Later, Ashok Chandra Panda, minister of Tourism & Culture, Government of Odisha spoke about the comprehensive plans that have been drawn for efficiently and effectively tapping Odisha’s tourism potential, targeting a substantial increase in arrivals to the state. Talking about these initiatives, he mentioned that the state had hosted FHRAI’s golden jubilee convention and also organised Indian Association for Tour Operators (IATO) convention.
Ananth Kumar, Union Cabinet Minister for Parliamentary Affairs and Chemicals and Fertilizers, Government of India elaborated about the efforts being put in by the government to boost the growth of hospitality and tourism. He said. “Recently, a hotel delegation came to Delhi during the parliament session to talk about Goods and Services Tax (GST) rates. While GST implementation was a welcome initiative, there exist some teething problems. There was some relief when the upper limit was revised from 28% to 18% for tariff from INR 5500 to INR 7500.”

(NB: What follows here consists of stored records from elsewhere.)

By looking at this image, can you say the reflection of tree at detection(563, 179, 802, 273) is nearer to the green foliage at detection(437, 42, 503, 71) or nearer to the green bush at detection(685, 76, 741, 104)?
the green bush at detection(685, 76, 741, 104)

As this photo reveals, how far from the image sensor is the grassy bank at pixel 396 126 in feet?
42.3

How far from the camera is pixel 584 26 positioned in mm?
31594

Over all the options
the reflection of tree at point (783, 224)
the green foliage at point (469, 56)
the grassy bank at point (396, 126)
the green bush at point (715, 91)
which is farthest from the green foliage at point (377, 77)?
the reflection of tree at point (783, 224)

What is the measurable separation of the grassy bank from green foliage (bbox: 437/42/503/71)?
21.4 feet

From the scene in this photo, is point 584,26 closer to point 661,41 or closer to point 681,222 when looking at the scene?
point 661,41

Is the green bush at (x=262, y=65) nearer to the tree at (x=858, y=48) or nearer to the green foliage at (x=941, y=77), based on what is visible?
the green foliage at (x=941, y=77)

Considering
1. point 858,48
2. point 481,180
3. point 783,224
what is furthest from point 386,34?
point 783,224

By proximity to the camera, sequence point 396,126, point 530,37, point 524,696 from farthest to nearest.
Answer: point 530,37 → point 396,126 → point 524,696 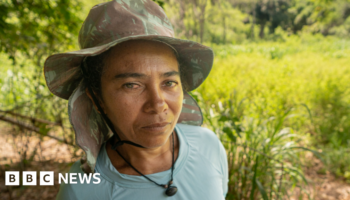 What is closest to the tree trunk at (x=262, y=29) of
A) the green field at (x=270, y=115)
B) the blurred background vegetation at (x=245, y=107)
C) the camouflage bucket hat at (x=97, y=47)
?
the blurred background vegetation at (x=245, y=107)

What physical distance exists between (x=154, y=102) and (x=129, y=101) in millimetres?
98

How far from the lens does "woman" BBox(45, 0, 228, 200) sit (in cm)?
83

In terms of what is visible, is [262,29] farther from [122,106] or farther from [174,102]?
[122,106]

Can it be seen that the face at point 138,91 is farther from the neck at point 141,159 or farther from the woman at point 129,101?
the neck at point 141,159

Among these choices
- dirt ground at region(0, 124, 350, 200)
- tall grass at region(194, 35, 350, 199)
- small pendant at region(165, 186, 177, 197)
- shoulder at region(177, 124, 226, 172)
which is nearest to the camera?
small pendant at region(165, 186, 177, 197)

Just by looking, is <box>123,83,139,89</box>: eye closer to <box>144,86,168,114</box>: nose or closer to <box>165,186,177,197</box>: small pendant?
<box>144,86,168,114</box>: nose

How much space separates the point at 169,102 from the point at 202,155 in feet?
1.26

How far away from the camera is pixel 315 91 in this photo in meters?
4.69

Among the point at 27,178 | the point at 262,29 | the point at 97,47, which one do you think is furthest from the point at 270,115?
the point at 262,29

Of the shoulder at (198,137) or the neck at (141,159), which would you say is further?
the shoulder at (198,137)

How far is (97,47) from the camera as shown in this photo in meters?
0.78

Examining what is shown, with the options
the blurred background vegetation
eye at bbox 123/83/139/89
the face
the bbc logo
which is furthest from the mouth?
the bbc logo

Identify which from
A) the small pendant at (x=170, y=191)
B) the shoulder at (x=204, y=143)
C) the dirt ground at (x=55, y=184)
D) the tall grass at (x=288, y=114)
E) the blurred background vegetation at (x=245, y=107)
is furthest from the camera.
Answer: the dirt ground at (x=55, y=184)

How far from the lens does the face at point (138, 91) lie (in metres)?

He maintained that hotels and restaurants are the backbone of tourism and agreed that more leeway is required when it comes to GST. “In 2014, the total domestic passengers in aviation were six crore; they now stand at 10 crore, bringing about 21% growth. I suggest that to prepare a charter to the union and state governments and also discuss this with finance and tourism ministers.” He promised to act as a facilitator and speak to various ministers to ensure ease of doing business in hotels and restaurants for the growth of tourism in India. Later, Nakul Anand, executive director, ITC Hotels shared his vision delving into the rise of digital and mobile consumer usage where control has completely gone into the hands of the consumers. “We see a flurry of industry changes. Online search engines are exploring advertising models and metasearch companies are moving to assisted bookings. There is a blurring of industry value chains and data is the new oil. The travel industry remains the leader in e-commerce maturity with high online penetration. It is this twin rise of mobiles and social media that has made all the difference.”

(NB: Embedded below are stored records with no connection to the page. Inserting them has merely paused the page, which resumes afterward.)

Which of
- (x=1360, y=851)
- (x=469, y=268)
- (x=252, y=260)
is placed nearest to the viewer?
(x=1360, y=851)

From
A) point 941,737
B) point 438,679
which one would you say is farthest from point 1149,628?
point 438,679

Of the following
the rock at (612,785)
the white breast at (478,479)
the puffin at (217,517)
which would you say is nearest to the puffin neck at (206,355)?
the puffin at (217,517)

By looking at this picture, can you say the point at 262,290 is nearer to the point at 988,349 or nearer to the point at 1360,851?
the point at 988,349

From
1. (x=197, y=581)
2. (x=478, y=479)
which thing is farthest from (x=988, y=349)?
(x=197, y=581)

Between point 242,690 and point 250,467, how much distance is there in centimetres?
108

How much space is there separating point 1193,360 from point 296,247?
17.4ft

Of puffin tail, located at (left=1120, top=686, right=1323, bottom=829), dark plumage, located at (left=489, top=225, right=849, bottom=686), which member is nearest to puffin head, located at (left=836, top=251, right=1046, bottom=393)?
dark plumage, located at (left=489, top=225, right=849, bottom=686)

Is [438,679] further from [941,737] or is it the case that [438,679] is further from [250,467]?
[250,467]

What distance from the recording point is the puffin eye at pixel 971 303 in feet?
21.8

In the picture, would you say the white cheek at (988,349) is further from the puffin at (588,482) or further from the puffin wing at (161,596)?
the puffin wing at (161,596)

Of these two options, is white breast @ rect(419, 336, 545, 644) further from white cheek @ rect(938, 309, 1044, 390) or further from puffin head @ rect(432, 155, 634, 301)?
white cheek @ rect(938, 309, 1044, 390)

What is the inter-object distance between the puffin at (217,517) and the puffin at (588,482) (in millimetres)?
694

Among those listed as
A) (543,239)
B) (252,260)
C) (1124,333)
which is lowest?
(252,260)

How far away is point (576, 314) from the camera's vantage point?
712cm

The convention received good feedback from the industry. R Ravichandar, CMD of Nandhana Hotels has been attending FHRAI’s convention for five years and finds it worthwhile. He especially like Nakul Anand’s session and some of his doubts about GST were cleared during the panel discussion on the topic.

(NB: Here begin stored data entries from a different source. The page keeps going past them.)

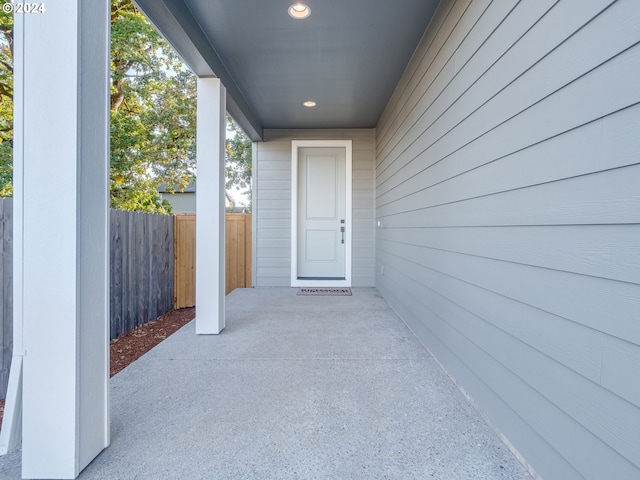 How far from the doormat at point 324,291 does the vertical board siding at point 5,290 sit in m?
3.19

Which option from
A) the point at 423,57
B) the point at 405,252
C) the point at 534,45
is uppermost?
the point at 423,57

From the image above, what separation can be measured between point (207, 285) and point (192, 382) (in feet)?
3.46

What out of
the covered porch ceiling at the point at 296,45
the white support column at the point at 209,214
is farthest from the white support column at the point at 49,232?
the white support column at the point at 209,214

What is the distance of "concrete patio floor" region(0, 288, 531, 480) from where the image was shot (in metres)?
1.39

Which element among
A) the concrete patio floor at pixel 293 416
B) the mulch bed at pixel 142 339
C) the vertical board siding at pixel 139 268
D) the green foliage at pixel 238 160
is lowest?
the mulch bed at pixel 142 339

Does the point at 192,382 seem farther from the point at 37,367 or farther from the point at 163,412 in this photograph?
the point at 37,367

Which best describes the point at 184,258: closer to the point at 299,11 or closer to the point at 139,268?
the point at 139,268

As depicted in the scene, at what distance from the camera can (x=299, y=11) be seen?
8.18 ft

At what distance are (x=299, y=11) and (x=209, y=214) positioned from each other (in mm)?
1718

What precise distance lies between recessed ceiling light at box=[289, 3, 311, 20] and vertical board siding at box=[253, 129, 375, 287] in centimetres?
287

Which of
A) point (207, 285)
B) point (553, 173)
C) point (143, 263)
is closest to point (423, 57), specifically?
point (553, 173)

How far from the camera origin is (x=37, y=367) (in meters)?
1.30

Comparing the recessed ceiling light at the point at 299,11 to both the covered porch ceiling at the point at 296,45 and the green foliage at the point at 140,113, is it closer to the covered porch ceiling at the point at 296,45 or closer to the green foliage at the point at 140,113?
the covered porch ceiling at the point at 296,45

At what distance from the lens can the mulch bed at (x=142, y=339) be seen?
3.30 meters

K Mohanchandran, director-operations, Taj GVK Hotels & Resorts and general manager, Taj Krishna Hyderabad especially liked the panel discussion on outsourcing of restaurants in a five-star setting as it made restaurateurs and hoteliers think differently. “The session on GST highlighted the plethora of issues that exist as we struggle to settle down in this new regime. Tax assessors, the government, hoteliers, vendors, and everyone else understands the importance of GST, but to try and understand the perspective of other people who have similar concerns is also very important. This is the value that the convention brings,” he said. Ajay Goel, MD of Shimla British Resort found the sessions to be good and as an owner of a heritage property he felt the event was a great place to learn from experienced hoteliers and restaurateurs. However, he opined that could be improved further by inviting more international participants. “International speakers and experts on food and hospitality could add more value to the sessions,” he stated.